FS, Contributing Writer
Tim Burton’s latest live-action movies have been misfires, but he still has a way with stop-motion animation. Frankenweenie (wide release) is a droll, delightfully macabre little gem, very much in the spirit of The Nightmare Before Christmas and Corpse Bride.
As the title suggests, it’s a modern reworking of the Frankenstein story, about an elementary school science nerd who revivifies his dead pooch Sparky. His classmates follow his lead, and their 1950s suburban town is soon threatened by a bevy of resuscitated pets turned into monsters – among them some sea monkeys that act like gremlins and a turtle as big as Godzilla.
Done up in lustrous shades of black, white and gray, the movie takes its striking visual style from the Karloff Frankenstein and its sequel The Bride of Frankenstein.
But while it’s a charming homage to horror movies of the past, it also exhibits the combination of wit and heart that’s characteristic of Burton’s best work.
This boy-and-his-dead-dog fable is an irresistible mixture of sentiment, smiles and spookiness, a perfect family Halloween treat.
The recent actions of the Texas State Board of Education, the elective body that mandates the standards for all textbooks purchased for public schools (and indirectly determines national publishing decisions), are scrutinized to devastating effect in The Revisionaries (Magnolia), a documentary as unsettling as it is enlightening.
The focus is on Don McLeroy, a dentist appointed as board chairman and a Christian fundamentalist intent on imposing literal Biblical teachings throughout the curriculum.
His primary interest is in science texts, to which he and his allies want to add consideration of creationism – under the guise of intelligent design – as an alternative to the Darwinian theory of evolution.
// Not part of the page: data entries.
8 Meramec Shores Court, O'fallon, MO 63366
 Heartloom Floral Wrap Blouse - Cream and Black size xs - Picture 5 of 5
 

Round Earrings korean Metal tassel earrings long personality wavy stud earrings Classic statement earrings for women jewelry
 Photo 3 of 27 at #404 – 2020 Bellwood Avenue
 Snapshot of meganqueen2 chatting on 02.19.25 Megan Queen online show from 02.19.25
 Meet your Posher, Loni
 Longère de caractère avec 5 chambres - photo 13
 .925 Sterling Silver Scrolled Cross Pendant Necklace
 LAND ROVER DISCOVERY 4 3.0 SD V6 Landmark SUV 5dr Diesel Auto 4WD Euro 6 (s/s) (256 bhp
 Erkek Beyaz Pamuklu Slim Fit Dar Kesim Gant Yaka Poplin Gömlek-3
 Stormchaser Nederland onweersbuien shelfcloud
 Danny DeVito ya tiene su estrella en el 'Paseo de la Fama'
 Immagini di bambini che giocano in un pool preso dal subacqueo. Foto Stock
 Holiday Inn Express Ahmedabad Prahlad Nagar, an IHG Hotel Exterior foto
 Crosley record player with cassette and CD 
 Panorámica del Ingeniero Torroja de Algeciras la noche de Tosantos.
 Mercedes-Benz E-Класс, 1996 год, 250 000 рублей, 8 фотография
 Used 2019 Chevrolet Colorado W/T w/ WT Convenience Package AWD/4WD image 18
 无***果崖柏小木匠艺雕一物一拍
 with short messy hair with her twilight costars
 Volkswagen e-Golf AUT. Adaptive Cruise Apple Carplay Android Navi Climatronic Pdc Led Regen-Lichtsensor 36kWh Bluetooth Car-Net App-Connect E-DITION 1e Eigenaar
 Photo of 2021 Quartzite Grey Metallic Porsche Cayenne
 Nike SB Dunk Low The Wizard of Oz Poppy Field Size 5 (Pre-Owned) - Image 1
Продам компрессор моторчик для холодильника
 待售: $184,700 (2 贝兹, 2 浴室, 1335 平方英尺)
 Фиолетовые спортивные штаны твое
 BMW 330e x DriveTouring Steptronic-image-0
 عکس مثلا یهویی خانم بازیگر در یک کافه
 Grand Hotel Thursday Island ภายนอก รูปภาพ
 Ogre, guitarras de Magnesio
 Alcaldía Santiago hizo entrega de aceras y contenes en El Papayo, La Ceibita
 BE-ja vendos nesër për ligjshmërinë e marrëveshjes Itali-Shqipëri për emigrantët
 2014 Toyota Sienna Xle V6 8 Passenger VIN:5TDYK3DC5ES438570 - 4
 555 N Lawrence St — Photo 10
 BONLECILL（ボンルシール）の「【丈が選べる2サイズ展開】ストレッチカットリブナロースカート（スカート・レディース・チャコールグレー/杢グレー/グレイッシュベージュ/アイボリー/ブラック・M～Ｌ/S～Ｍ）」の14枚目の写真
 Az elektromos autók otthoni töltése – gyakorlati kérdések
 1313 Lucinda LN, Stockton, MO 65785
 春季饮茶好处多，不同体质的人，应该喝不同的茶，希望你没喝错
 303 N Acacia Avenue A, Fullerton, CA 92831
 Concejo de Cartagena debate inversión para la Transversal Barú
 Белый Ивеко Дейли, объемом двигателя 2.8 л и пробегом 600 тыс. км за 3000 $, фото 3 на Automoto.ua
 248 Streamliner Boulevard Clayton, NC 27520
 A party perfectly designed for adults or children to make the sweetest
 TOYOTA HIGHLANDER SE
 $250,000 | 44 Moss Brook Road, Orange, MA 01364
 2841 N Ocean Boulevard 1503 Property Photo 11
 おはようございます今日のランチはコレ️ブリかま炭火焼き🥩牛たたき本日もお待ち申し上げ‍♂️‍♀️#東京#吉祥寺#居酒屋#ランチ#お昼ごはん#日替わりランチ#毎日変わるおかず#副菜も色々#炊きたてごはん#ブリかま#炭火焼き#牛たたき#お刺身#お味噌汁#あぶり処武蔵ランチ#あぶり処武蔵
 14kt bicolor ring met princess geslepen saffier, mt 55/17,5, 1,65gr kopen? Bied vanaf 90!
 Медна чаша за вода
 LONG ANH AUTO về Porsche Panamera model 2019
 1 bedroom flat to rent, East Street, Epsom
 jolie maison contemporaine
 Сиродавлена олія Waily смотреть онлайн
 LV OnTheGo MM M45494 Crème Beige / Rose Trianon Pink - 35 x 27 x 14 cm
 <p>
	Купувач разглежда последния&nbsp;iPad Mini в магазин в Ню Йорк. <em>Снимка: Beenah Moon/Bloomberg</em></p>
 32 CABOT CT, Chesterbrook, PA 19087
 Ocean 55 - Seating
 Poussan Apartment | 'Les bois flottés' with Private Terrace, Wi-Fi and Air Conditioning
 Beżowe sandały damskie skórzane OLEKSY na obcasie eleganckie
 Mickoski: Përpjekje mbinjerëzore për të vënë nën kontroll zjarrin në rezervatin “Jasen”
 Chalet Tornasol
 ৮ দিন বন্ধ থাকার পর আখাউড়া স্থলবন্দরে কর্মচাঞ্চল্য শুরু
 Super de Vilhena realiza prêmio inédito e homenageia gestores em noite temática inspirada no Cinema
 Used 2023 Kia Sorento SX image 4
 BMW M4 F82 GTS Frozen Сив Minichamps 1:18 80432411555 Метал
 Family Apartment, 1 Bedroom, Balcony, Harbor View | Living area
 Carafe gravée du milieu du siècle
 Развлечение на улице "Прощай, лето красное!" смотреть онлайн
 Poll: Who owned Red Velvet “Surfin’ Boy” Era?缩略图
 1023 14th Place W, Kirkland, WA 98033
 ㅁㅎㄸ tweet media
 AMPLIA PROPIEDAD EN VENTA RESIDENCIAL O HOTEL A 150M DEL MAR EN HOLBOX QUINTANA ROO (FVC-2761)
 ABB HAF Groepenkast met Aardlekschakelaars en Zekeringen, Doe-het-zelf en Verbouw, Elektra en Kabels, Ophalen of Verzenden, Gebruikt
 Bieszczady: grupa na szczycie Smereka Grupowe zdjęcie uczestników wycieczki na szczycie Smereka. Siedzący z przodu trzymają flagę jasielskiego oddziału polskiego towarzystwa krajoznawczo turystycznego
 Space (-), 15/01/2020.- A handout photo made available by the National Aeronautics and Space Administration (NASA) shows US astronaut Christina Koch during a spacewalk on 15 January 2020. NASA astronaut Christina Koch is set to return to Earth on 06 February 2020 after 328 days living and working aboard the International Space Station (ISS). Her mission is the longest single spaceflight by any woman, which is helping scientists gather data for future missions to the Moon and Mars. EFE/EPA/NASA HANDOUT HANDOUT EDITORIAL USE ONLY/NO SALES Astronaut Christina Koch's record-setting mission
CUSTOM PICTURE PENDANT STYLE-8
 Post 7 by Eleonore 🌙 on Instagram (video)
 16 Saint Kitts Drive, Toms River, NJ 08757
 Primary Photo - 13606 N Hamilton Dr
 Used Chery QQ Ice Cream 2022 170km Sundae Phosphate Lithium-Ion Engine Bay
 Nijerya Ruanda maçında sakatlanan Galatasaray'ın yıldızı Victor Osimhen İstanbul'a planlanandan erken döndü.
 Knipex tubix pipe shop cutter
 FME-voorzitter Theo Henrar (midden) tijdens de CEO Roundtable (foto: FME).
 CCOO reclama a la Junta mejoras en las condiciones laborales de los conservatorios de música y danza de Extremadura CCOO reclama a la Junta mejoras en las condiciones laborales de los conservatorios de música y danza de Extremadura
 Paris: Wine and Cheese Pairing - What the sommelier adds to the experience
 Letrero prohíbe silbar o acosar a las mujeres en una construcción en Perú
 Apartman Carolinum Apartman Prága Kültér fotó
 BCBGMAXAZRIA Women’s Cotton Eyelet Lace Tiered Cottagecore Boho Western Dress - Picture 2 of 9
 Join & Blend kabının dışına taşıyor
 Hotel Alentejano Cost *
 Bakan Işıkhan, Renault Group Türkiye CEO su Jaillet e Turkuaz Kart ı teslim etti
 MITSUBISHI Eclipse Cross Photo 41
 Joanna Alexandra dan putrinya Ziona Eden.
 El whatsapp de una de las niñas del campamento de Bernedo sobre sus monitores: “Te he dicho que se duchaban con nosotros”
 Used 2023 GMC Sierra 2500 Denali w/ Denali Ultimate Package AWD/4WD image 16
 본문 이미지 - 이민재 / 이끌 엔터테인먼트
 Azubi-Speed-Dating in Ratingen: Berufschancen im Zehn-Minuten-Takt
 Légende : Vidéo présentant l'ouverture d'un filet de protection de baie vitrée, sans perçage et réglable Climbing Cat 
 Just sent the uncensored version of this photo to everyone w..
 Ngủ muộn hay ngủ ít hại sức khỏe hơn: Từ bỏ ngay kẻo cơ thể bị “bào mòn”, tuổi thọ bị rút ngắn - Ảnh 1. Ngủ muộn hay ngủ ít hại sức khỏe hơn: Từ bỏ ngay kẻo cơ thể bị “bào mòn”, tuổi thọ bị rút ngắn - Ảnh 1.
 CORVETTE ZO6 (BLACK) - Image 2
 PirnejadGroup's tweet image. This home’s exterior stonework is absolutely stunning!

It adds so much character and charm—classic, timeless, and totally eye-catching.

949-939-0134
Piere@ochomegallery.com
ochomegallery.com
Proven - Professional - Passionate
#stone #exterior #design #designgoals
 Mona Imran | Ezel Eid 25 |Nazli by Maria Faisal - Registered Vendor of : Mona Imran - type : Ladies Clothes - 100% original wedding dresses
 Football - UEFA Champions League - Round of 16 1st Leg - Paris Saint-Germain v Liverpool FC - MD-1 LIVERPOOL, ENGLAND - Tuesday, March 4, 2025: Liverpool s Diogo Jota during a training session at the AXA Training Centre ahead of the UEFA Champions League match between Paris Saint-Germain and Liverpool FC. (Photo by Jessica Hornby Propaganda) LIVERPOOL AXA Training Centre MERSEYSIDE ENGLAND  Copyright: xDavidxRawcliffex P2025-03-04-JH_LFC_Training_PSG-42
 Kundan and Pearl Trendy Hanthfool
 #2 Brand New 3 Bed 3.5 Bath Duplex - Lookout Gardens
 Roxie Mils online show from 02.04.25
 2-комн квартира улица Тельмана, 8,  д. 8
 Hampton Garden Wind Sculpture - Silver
But books in the social sciences are also targeted, with the intent of removing suspect figures like Thomas Jefferson and adding heroes of the far right in their place.
The film is structurally quite conventional, with footage of board meetings and archival material alternating with interviews by board members and their critics. And the approach is almost obsessively evenhanded: McLeroy is treated with sympathy rather than the derision one might expect, especially when he finds himself pitted against a more moderate, “establishment” Republican in his re-election campaign.
But the portrait it draws of an ideologically driven agenda in the reconstruction of Texas public education is nonetheless horrifying, and the threat such a board poses to curricular content nationwide is very real.
The Revisionaries isn’t a cinematic masterpiece, but it’s informative and important.
In the surprise hit Taken, a retired CIA agent (Liam Neeson) rescued his daughter from a gang of white slavers who had abducted her in Europe, killing the lot of them in the process. In Taken 2 (wide release), an Albanian warlord, the father of one of the men he had killed, goes after him, his daughter and his ex-wife in search of revenge.
The picture is set in Istanbul, and makes good use of its remarkable locations. But it’s little more than a nonstop cascade of fistfights, gun battles and car chases that render a good part of the city – and most of its cute little police cars – to rubble.
The action, pretty much unrelenting but curiously unexciting, is nonetheless welcome, because the occasional quieter interludes are so badly written that they’re unintentionally comic.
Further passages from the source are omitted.